(Zerohedge) 29 September 2016 – Deutsche Bank concerns just went to ’11’ as Bloomberg reports a number of funds that clear derivatives trades with Deutsche Bank AG have withdrawn some excess cash and positions held at the lender, a sign of counterparties’ mounting concerns about doing business with Europe’s largest investment bank.
While the vast majority of Deutsche Bank’s more than 200 derivatives-clearing clients have made no changes, some funds that use the bank’s prime brokerage service have moved part of their listed derivatives holdings to other firms this week, according to an internal bank document seen by Bloomberg News.

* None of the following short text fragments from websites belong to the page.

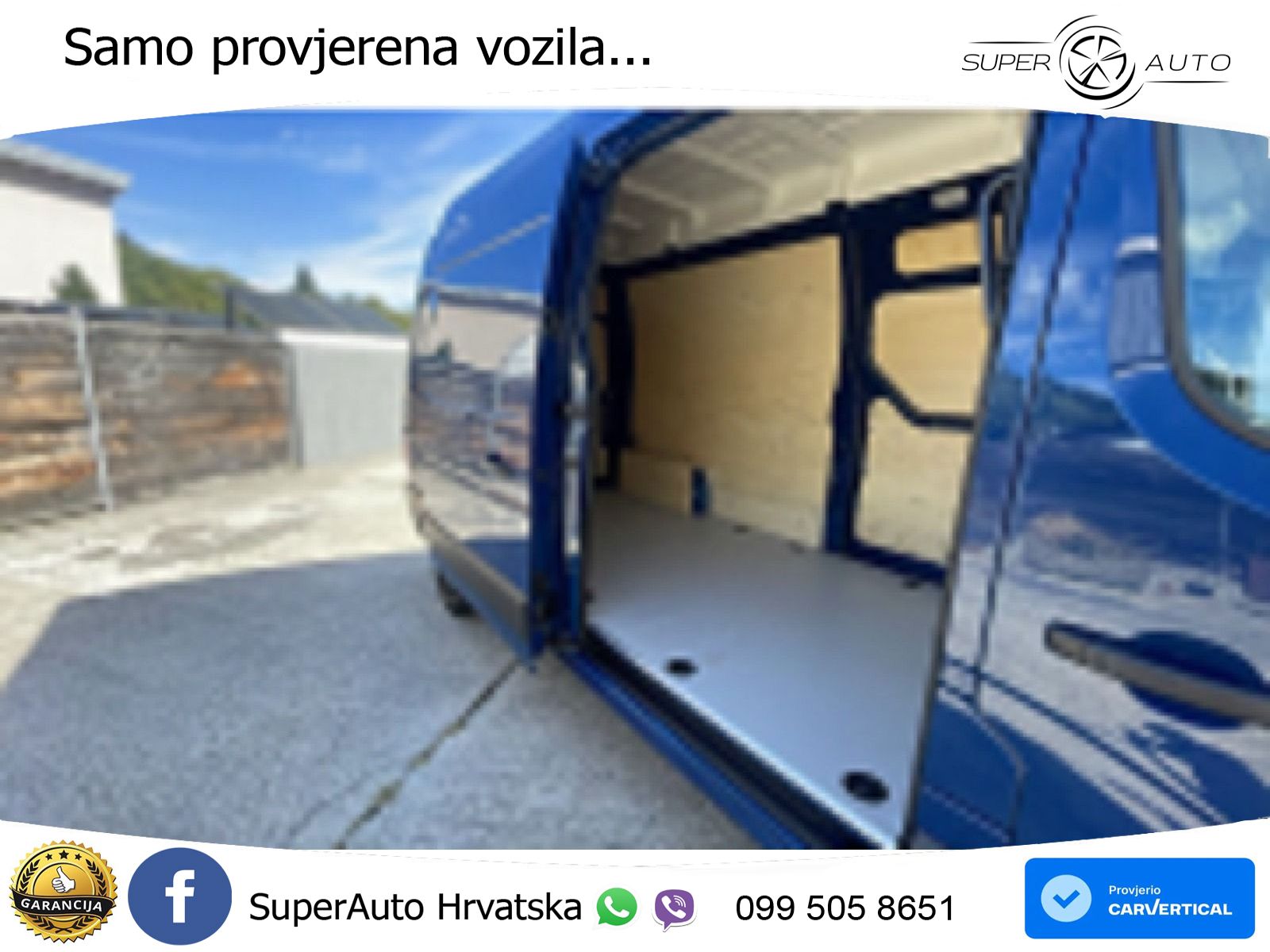 Renault Master Kastenwagen FWD Kasten KOMFORT L3H3 3,5t 179 KS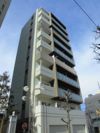メディオ リオ 市川の間取り画像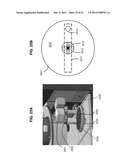 AUTOMATED PIZZA PREPARATION AND VENDING SYSTEM diagram and image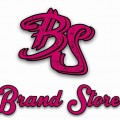 BRAND STORE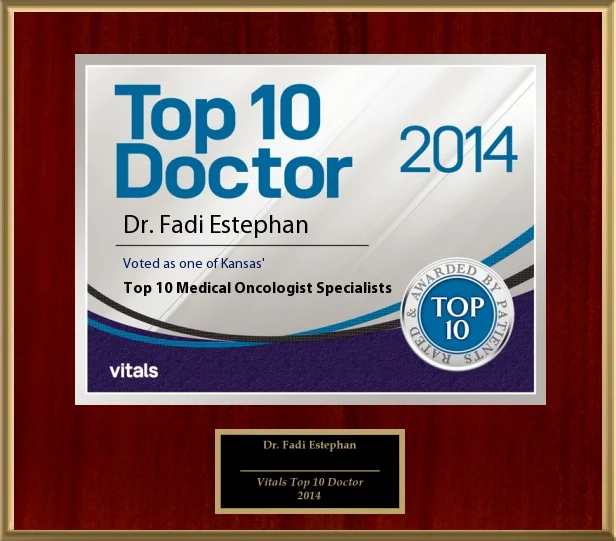 Dr. Estephan Top 10.jpg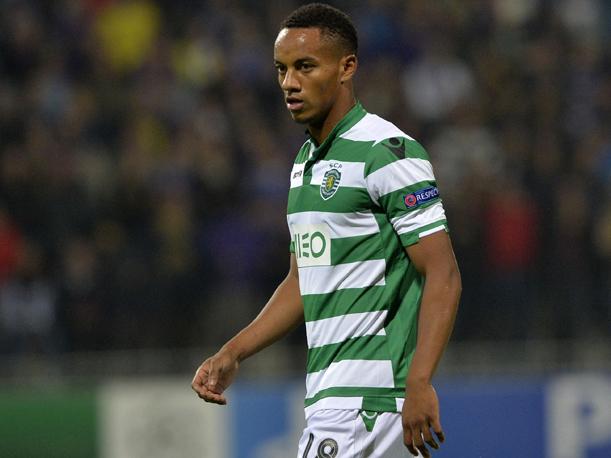  窗口期纽卡斯尔造点机会——葡超节点到来，态度坚定，轮换策略成焦点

Every Bank in the World, including every Central Bank, is a Couter-Party to Deutsche Bank’s massive risk overhang, so it’s very easy to see how quickly DB can bring down the entire global banking system. Because Deutsche Bank’s Derrivitive Portfolio alone is **THAT** large. And this doesn’t even take into account all the commercial and residential real-estate across Europe and North America in their portfolio, which Deutsche has never marked to market value since the 2008 sub-prime crisis. Their over-valuation on real estate alone is likely on the order of another 8 to 10 Trillion Euros of “lost value” which DB has yet to take the hit on.
Can you say, “Fire Sale, boys and girls?”
Because that’s what it will be, when Deutsche Bank starts selling assets like mad to cover their liabilities.
Deutsche’s direct derivative exposure is 42 Trillion Euros in size, which is nearly $50 Trillion Dollars which is nearly equal to the GNP of the entire world.
As such, there is no currency, no country, no corner of the world where the collapse of Deutsche Bank will not be felt…painfully.